Extracted information

○ ○ ○ ○ ○

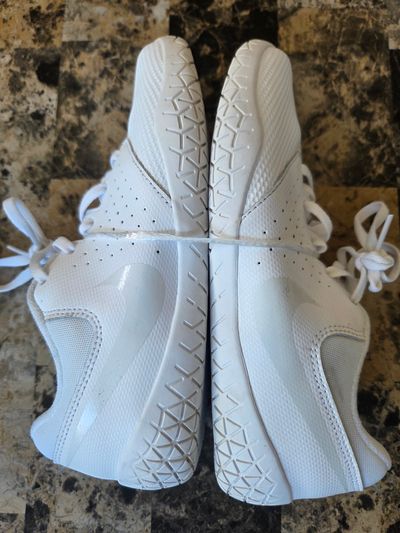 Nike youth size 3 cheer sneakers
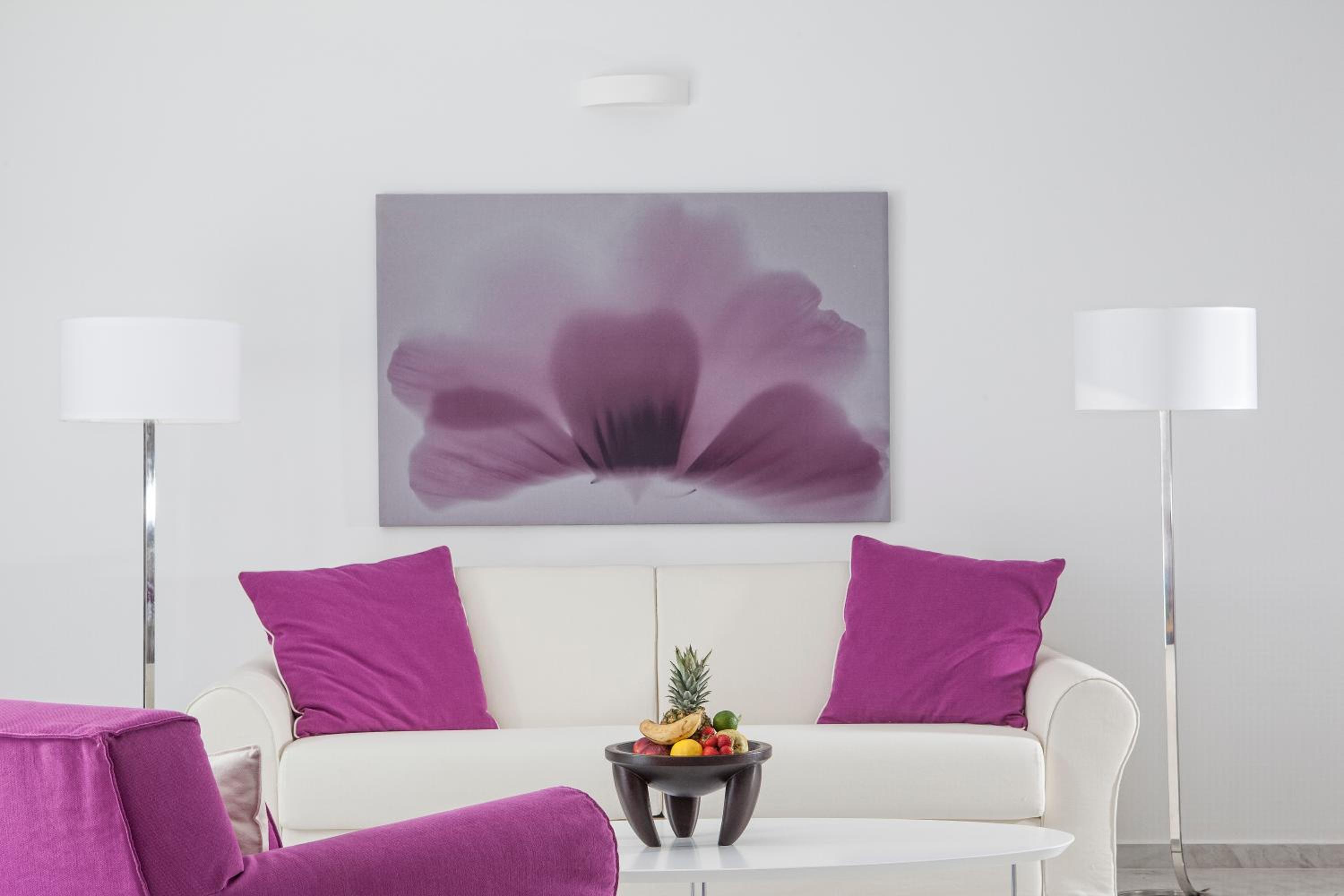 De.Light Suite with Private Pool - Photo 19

○ ○ ○ ○ ○

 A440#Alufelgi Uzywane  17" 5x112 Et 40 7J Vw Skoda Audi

○ ○ ○ ○ ○

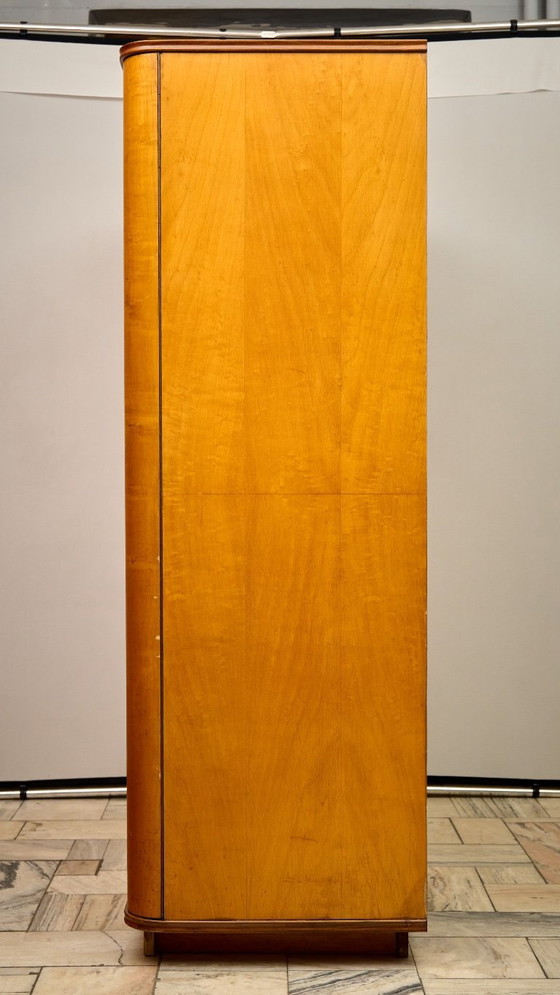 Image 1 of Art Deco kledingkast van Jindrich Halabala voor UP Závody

○ ○ ○ ○ ○

Work to be completed
Transcribe, exactly and without pictures, everything in the data from the line with "Nike youth size 3 cheer sneakers" down to the line with "De.Light Suite with Private Pool - Photo 19", both included.

Solved exercise
 Nike youth size 3 cheer sneakers
 De.Light Suite with Private Pool - Photo 19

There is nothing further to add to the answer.